General Janvier, North Kivu, Eastern Congo, 2010. Image © Richard Mosse, courtesy of Jack Shainman Gallery.
In his latest project, Infra, Richard Mosse, who has now joined the Institute for Artist Management, plays with invisible light to challenge the way a forgotten conflict is represented.
Author: Olivier Laurent
19 Jan 2011 Tags: Film
Ask Richard Mosse what first fascinated him about the Congo and he'll give you a long list. "Joseph Conrad. Tin Tin. The Rumble in the Jungle. The Belgian colonial legacy. The beer. The Ebola virus. A country the size of Western Europe with less paved roads than Ireland. The ‘bulletproof' Mai Mai warriors. A conflict so pathologised that it is well past the point of human comprehension."
But it's the latter reason that led the Irish-born photographer to use Kodak's Aerochrome film. Discontinued last year, the film is particularly sensitive to infra-red light, rather than to the usual visible spectrum of colours registered by traditional film. Since foliage reflects infra-red while buildings don't, the US Army used it during the Vietnam War to detect and reveal hidden soldiers. "I wanted to export this technology to a harder situation, to up-end the generic conventions of calcified mass-media narratives and challenge the way we're allowed to represent this forgotten conflict," says Mosse. "I wanted to confront this military reconnaissance technology, to use it reflexively in order to question the ways in which war photography is constructed."
Mosse was first inspired to use the film after seeing the work of Florian Maier-Aichen. "This German artist rejects the influence of the Kunstakademie Düsseldorf and the Becher school to embrace a kind of Romantic exploration of the landscape of the American West," says Mosse. "I was moved by the beauty of this work, and wondered whether he used colour infra-red film to compose certain images. I'm not sure whether he actually did, but I got excited by the technology, which is considered to be a kind of photographic taboo - thou shalt not cross-process; thou shalt not use colour infra-red film."
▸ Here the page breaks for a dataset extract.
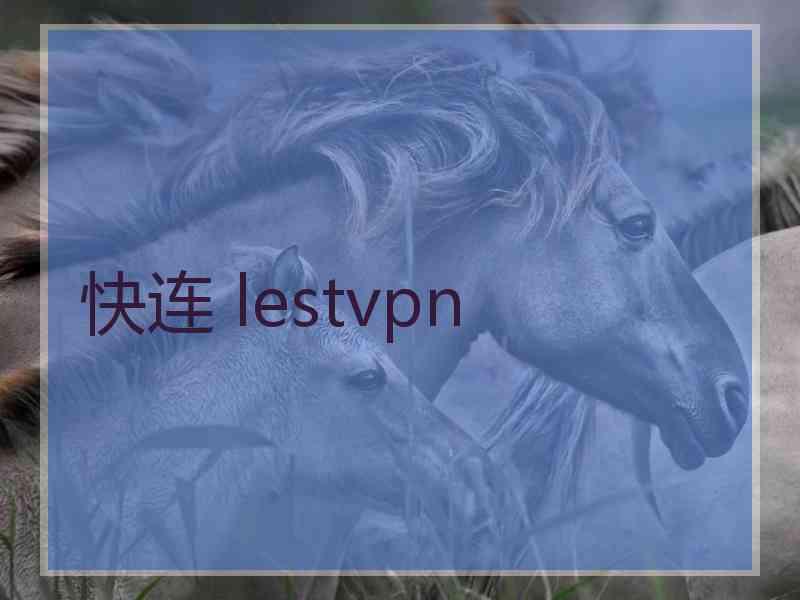 快连 lestvpn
While Mosse refuses to reveal where he got the discontinued film - "I could tell you but then I'd have to kill you," he jokes - up until February, a small company in Germany supplied it in the 120 medium format by cutting it down from a large roll stock. However, even that supplier has now run out of the film, BJP understands. But this setback hasn't deterred Mosse from his continued interest in Congo and infra-red technology. The 30-year-old photographer plans to go back next year with cinematographer Trevor Tweeten, with whom he's worked on previous projects.
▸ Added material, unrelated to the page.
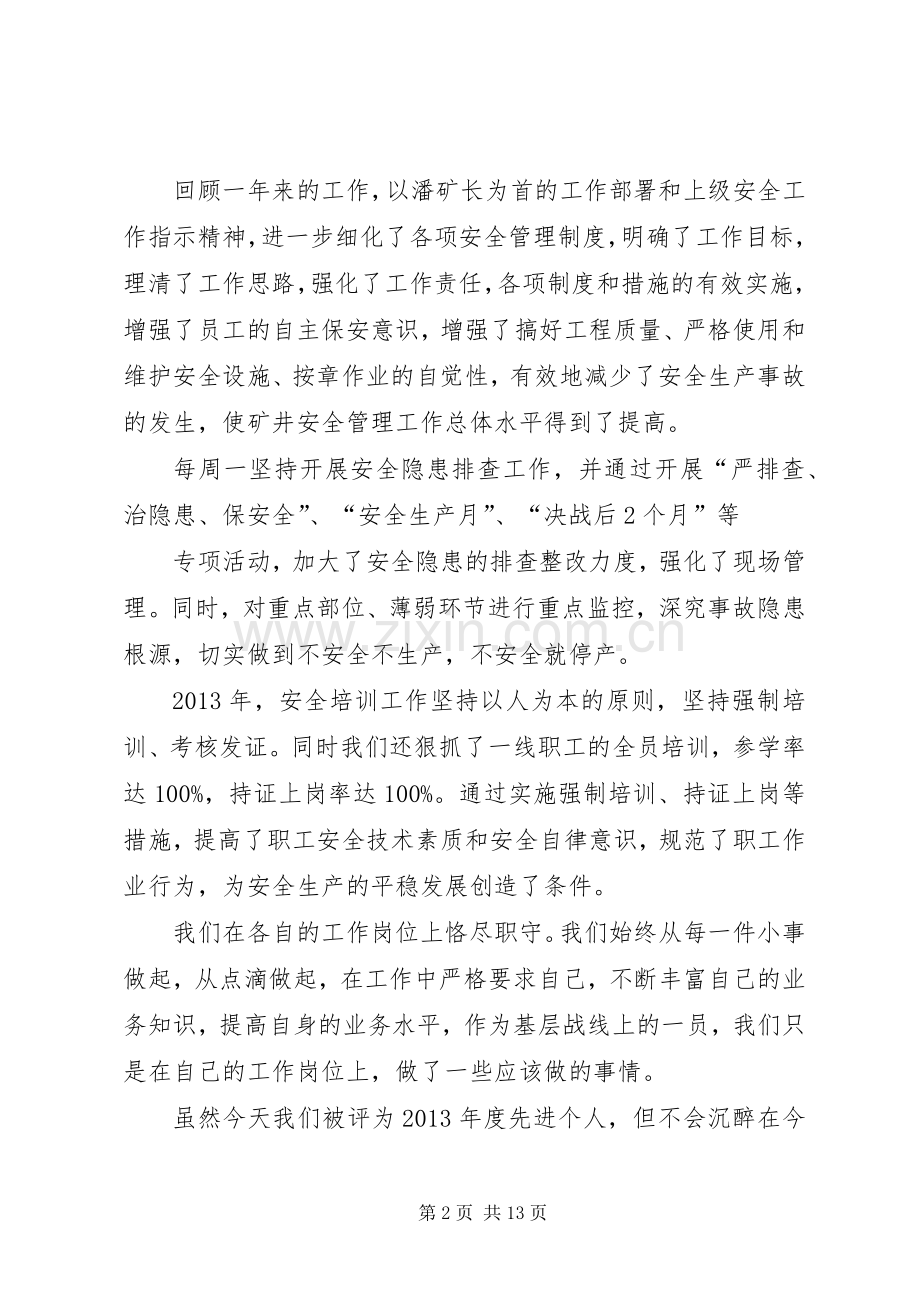 先进个人代表发言稿范文.docx_第2页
"We plan to shoot IR Red One video. That involves sending the Red One camera back to the factory where the Bayer filter will be removed from the digital sensor."
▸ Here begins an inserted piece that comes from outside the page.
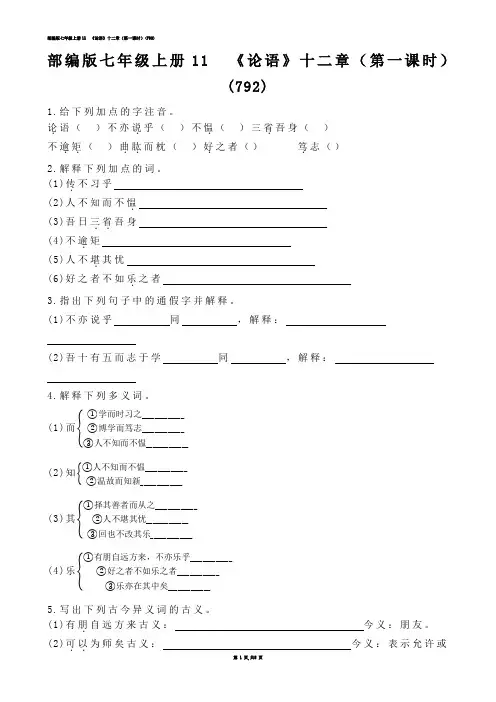【初中语文】部编版七年级上册11  《论语》十二章（第一课时）(练习题)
The result "will be quite extraordinary and very different to the old Aerochrome stock," he says. "It will be a kind of blown-out monochrome palette. We've actually shot infra-red before in Iraq, where Trevor repurposed his Zeiss lens to peer through a US Army IR goggle eyepiece. The result was this nightmarish green-and-black palette, rather like the old Dos interface for anyone old enough to remember computer screens before Windows and the Mac Classic."
However, he says, "the IR we will shoot in Congo will probably look a lot different, rather like the moment an atom bomb detonates. The world will seem shadowless, like a breathless high-noon desert landscape, yet we'll be beating through the jungle shadows."